You can customize multiple parallelism optimization options:

### Model Configuration
You can set `model_size` and easily get a pre-defined model configuration. You can also customize model configuration: specify `set_model_config_manually` to `1` and specify model configs manually, or specify `set_layernum_manually` to `1` and specify layer numbers manually only.

### Cluster Size & Memory Constraint
Galvatron can perform searching over multiple nodes with same number of GPUs. You should set `num_nodes`, `num_gpus_per_node` and `memory_constraint` (memory budget for each GPU).

### Batch Size & Chunk
For batch size controlling, the searching process starts from `min_bsz` and ends at `max_bsz`, with a scale of `bsz_scale`. You can also set `settle_bsz` to find the optimal strategy when batch size is `settle_bsz`. Additionally, you can configure `settle_chunk` to determine the optimal strategy for a chunk size of `settle_chunk`.

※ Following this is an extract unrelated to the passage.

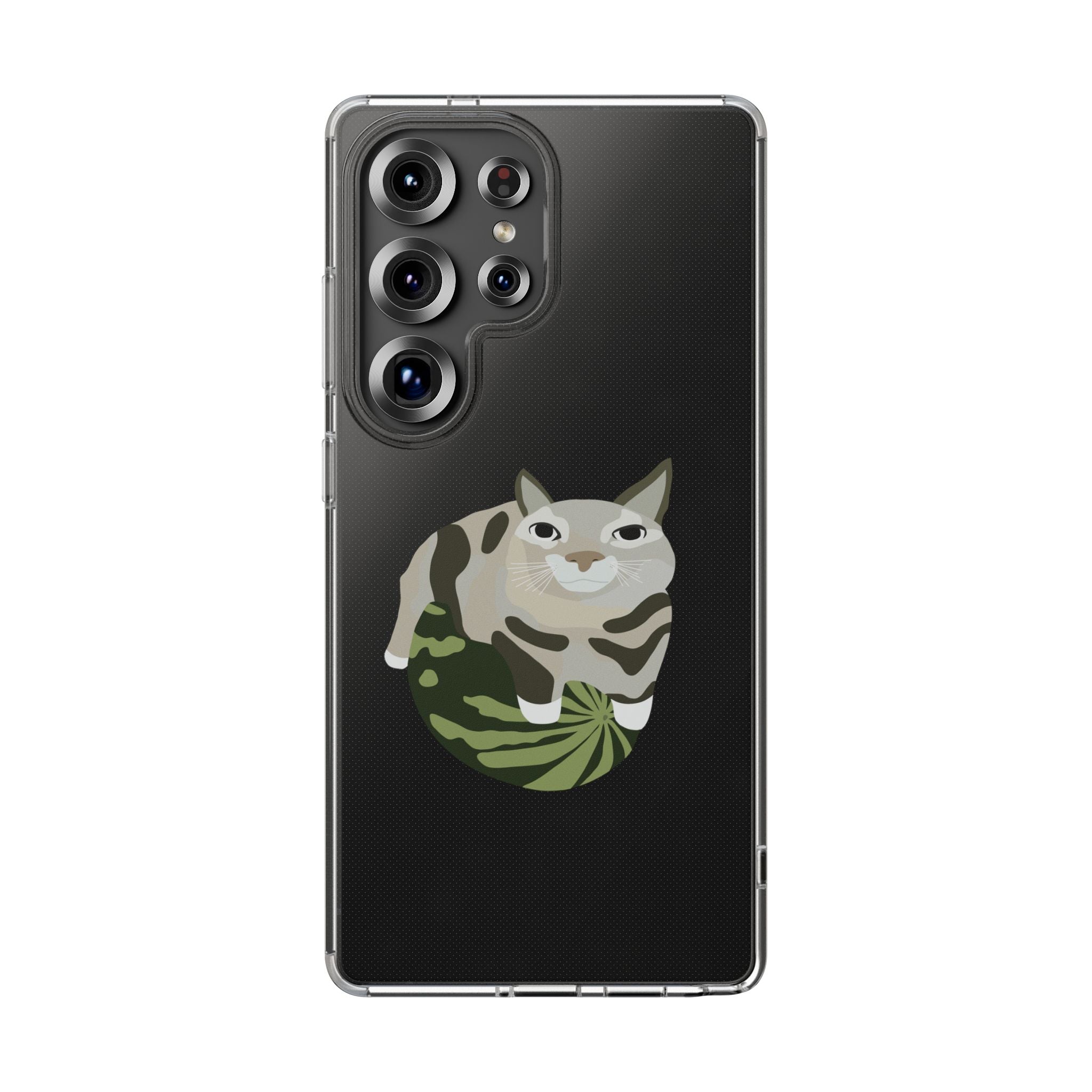 WATERMELON CAT Transparent Phone Case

### Parallelism Search Space
Galvatron incorporates five parallelism dimensions in search space (`dp` for data parallel, `sdp` for sharded data parallel, `tp&vtp` for tensor parallel, `pp` for pipeline parallel, and `ckpt` for activation checkpointing). You can use pre-defined search space (`full` for layerwise optimization over all parallelism dimensions introduced in Galvatron, `3d` for model-wise optimization over `(dp,tp,pp)`, and other options for layerwise optimization over the corresponding combination of dimensions). You can disable any parallelism dimension by set `disable_*` to `1`.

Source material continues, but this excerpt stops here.